Our colleague checked it out and didn’t see this scheduling item. Does it need to be added manually?

| username: h5n1 | Original post link

That’s not what I meant. It’s about checking the operator generation in the pd.log of the PD leader.

  • Confirm the specific manifestation of “slow” synchronization progress. For the problematic table, does its flash_region_count remain “unchanged” for a long time, or does it just “change slowly” (e.g., it increases by a few regions every few minutes)?
    • If it is “unchanged,” you need to investigate which part of the entire workflow has an issue.
      Check if there are problems in the workflow where TiFlash sets a rule for PD → PD issues AddLearner scheduling to the Region leader in TiKV → TiKV synchronizes Region data to TiFlash. Collect logs from related components (pd.log, tikv.log, tiflash_tikv.log, tiflash.log) for troubleshooting.
      You can check the warn/error information in the tikv and tiflash-proxy logs to confirm if there are errors such as network isolation.
| username: 饭光小团 | Original post link

I checked the tiflash.toml and found this configuration, but the tiflash_cluster_manager.log file is missing. Is this considered abnormal? According to the documentation, flash_region_count needs to be confirmed in the tiflash_cluster_manager.log.

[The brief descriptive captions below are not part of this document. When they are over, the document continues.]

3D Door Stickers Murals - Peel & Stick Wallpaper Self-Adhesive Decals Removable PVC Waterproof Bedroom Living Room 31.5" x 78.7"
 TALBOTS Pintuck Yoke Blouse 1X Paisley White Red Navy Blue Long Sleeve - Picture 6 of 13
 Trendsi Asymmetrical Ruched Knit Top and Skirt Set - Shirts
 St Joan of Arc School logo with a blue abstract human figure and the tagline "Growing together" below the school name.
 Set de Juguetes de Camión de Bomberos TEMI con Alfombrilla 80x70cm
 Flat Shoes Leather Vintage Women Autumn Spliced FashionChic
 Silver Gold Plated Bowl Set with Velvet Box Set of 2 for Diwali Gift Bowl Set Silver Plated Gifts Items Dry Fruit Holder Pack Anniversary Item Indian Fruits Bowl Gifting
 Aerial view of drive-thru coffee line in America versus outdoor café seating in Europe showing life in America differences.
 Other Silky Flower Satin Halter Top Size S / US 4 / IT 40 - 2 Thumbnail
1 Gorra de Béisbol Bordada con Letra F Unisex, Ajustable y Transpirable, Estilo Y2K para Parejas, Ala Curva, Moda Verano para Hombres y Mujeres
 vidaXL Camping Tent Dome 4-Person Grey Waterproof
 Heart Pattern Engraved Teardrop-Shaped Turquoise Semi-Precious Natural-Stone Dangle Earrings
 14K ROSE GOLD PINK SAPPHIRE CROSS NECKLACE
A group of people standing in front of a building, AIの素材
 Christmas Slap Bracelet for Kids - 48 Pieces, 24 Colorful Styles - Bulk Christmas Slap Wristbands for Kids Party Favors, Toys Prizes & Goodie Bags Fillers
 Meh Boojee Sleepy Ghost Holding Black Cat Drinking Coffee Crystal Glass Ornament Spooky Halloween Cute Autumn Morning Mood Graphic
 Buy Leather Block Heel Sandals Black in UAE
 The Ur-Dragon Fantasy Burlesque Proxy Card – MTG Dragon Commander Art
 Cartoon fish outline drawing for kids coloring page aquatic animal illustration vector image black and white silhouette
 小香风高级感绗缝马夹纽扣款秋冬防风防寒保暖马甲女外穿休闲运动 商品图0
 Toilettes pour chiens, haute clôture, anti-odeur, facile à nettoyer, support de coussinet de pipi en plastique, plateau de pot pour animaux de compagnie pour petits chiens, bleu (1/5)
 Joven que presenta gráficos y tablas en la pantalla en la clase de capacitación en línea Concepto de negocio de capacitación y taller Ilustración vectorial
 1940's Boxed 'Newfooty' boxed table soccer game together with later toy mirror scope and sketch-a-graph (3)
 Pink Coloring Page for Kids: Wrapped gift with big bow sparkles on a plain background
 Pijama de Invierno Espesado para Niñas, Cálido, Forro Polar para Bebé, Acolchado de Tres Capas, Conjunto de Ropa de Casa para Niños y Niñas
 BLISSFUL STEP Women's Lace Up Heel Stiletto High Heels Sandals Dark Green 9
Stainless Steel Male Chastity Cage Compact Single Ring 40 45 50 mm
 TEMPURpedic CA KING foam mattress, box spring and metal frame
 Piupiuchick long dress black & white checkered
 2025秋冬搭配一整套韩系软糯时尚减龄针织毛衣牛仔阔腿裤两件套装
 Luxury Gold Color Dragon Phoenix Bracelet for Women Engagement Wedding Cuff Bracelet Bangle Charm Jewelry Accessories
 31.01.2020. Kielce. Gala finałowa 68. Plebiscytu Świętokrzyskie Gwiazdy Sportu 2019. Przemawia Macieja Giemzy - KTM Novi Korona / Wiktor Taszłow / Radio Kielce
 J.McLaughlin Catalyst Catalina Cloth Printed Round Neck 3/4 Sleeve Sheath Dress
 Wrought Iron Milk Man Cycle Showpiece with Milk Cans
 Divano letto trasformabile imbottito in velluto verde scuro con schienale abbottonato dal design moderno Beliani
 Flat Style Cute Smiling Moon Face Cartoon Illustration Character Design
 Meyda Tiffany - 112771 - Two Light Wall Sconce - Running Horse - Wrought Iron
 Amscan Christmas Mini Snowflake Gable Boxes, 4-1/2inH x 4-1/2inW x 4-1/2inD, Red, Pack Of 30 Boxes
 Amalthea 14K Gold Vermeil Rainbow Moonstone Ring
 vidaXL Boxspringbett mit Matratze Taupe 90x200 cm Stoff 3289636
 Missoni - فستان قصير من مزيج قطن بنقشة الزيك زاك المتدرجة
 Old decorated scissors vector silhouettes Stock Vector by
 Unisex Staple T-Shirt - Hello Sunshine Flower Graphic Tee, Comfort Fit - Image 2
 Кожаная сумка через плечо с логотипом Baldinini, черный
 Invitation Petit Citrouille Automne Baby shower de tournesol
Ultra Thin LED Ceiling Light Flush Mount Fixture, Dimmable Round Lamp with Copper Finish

| username: h5n1 | Original post link

You can try deleting this strategy from the table as mentioned earlier.

| username: 饭光小团 | Original post link

This still doesn’t work. Our cluster is a production cluster, and it is currently configured to distribute data on hot and cold disks. If we delete it, it will be scheduled to ordinary HDDs, which might cause problems. Since I can’t see the flash_region_count (there is no tiflash_cluster_manager.log log), I will continue to follow this and take another look.

| username: h5n1 | Original post link

Create a test table and try it.

| username: 饭光小团 | Original post link

Add some monitoring charts



tiup ctl:v6.1.2 pd -u xxx:2379 operator show

| username: Hacker_bhcKiBGm | Original post link

test_djx Is this table always at 0 progress, or does it return to normal after a long period of time?

| username: Hacker_bhcKiBGm | Original post link

Is the cluster itself very large?

| username: 饭光小团 | Original post link

The current test_djx is an empty table.